**MATERIAL FOR THE TASK:**
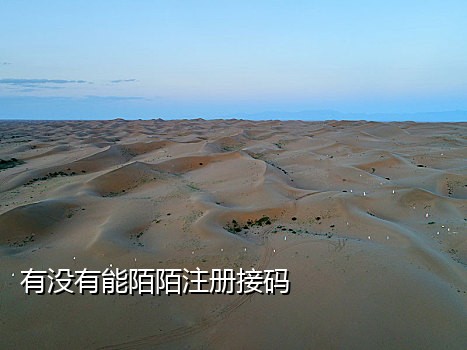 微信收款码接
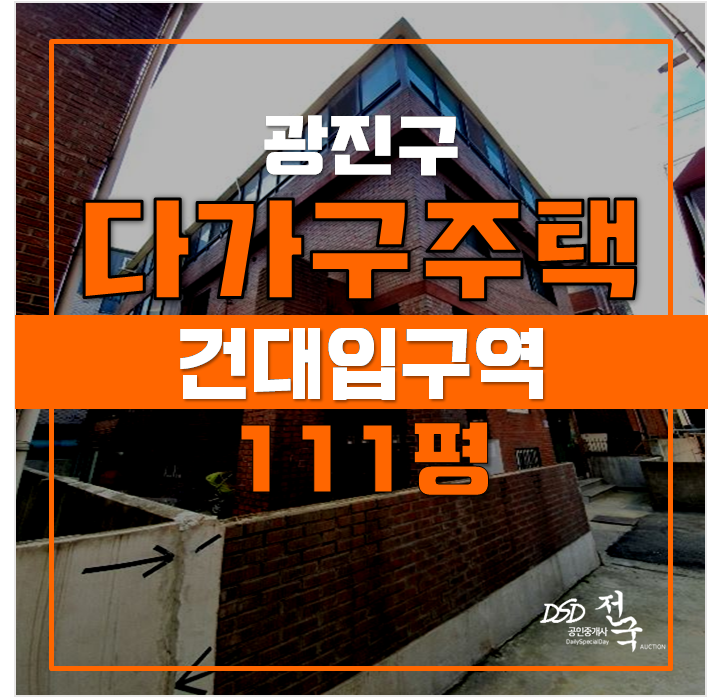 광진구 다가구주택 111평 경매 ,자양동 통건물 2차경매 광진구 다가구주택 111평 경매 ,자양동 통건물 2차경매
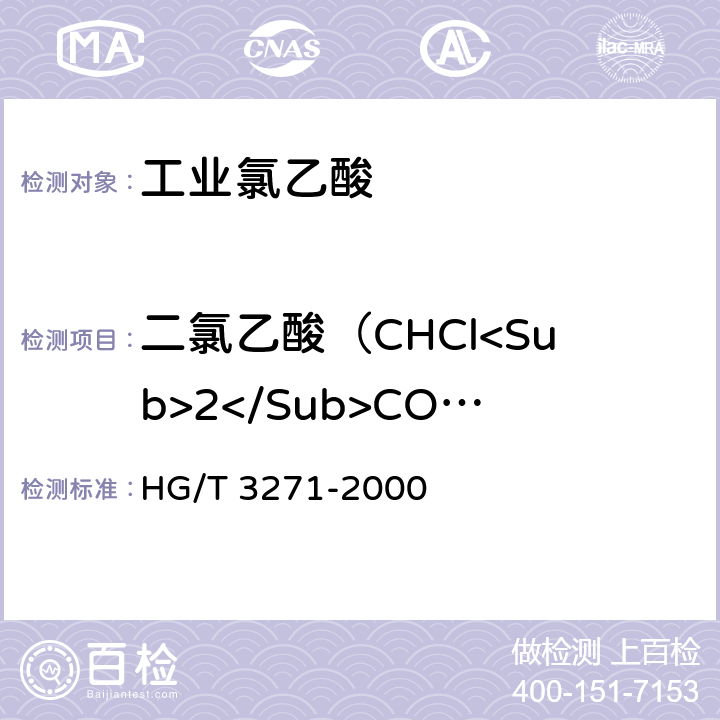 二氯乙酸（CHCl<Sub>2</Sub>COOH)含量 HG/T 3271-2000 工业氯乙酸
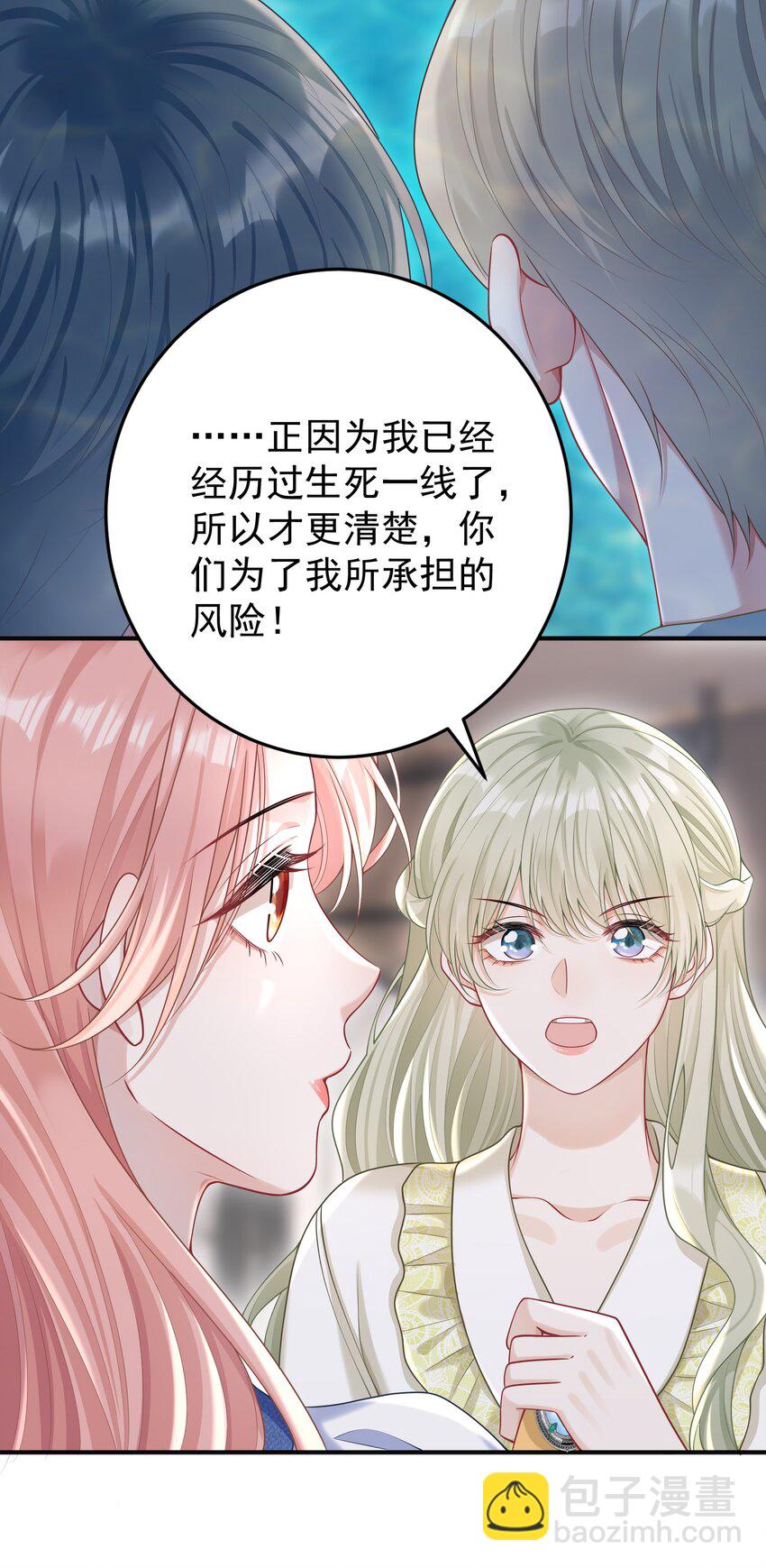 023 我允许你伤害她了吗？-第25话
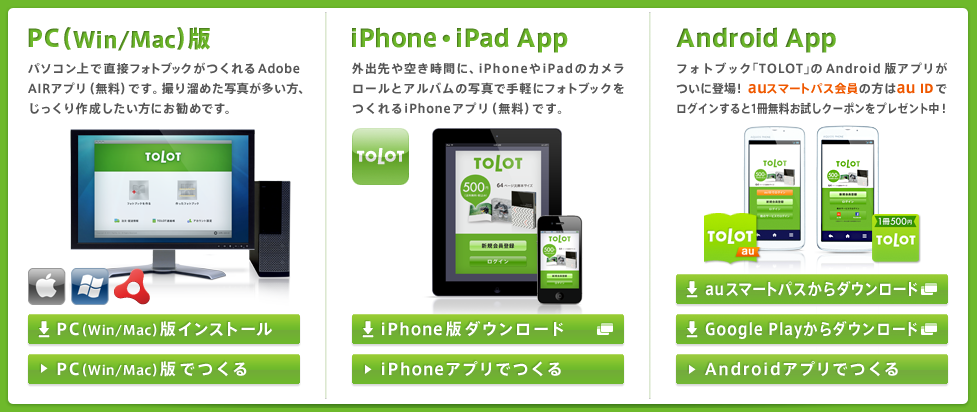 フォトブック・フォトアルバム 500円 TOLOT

* * *

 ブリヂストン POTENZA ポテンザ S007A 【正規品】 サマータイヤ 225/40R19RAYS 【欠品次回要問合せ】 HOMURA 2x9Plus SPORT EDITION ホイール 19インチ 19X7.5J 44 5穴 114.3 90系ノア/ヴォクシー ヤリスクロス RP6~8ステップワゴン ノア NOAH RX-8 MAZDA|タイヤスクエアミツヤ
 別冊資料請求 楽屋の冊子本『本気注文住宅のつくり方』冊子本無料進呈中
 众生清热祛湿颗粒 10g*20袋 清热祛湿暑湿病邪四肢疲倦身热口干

**ACTIVITY:** From the data above, reproduce word for word the lines running from the line with "ブリヂストン POTENZA ポテンザ" to the line with "众生清热祛湿颗粒 10g*20袋 清热祛湿暑湿病邪四肢疲倦身热口干", ends included.

**EXERCISE ANSWER:**
 ブリヂストン POTENZA ポテンザ S007A 【正規品】 サマータイヤ 225/40R19RAYS 【欠品次回要問合せ】 HOMURA 2x9Plus SPORT EDITION ホイール 19インチ 19X7.5J 44 5穴 114.3 90系ノア/ヴォクシー ヤリスクロス RP6~8ステップワゴン ノア NOAH RX-8 MAZDA|タイヤスクエアミツヤ
 別冊資料請求 楽屋の冊子本『本気注文住宅のつくり方』冊子本無料進呈中
 众生清热祛湿颗粒 10g*20袋 清热祛湿暑湿病邪四肢疲倦身热口干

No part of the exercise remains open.